As a devoted home cook who spends at least three hours a day in the kitchen, I particularly enjoyed Pollan’s glorification of the seemingly mundane and repetitive tasks that I do on a regular basis, such as chopping onions, browning meat, simmering stock, and kneading dough. The significance of these steps often becomes lost in the frantic daily rush to get food on the table, but Pollan makes my efforts feel worthwhile.Even more compelling are Pollan’s arguments for how the act of cooking can repair the damage caused by outsourcing meal production to corporations. Cooking could do much to reverse the tide of poor health. Americans spend a mere twenty-seven minutes preparing meals each day; ironically, more time is spent watching food being cooked on TV than actually cooking it. One food-industry researcher tells Pollan, “You want Americans to eat less? I have the diet for you. Cook it yourself. Eat anything you want – just as long as you’re willing to cook it yourself.”

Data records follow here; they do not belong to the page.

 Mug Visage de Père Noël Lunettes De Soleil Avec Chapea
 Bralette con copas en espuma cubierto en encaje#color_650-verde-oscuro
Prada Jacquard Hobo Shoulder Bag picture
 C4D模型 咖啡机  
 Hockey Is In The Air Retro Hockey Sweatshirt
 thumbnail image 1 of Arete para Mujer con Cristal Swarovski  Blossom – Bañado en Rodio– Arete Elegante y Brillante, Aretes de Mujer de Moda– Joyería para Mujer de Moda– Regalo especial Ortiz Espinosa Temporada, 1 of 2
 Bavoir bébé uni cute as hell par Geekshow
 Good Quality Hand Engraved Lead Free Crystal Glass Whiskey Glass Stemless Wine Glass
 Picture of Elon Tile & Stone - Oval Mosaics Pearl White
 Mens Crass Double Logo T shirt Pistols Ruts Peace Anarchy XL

“Handling these plants and animals, taking back the production and the preparation of even just some part of our food, has the salutary effect of making visible again many of the lines of connection that the supermarket and the “home-meal replacement” have succeeded in obscuring, yet of course never actually eliminated. To do so is to take back a measure of responsibility, too, to become, at the very least, a little less glib in one’s pronouncements.”
Cooked is an inspiring call to global action that’s accessible to everyone.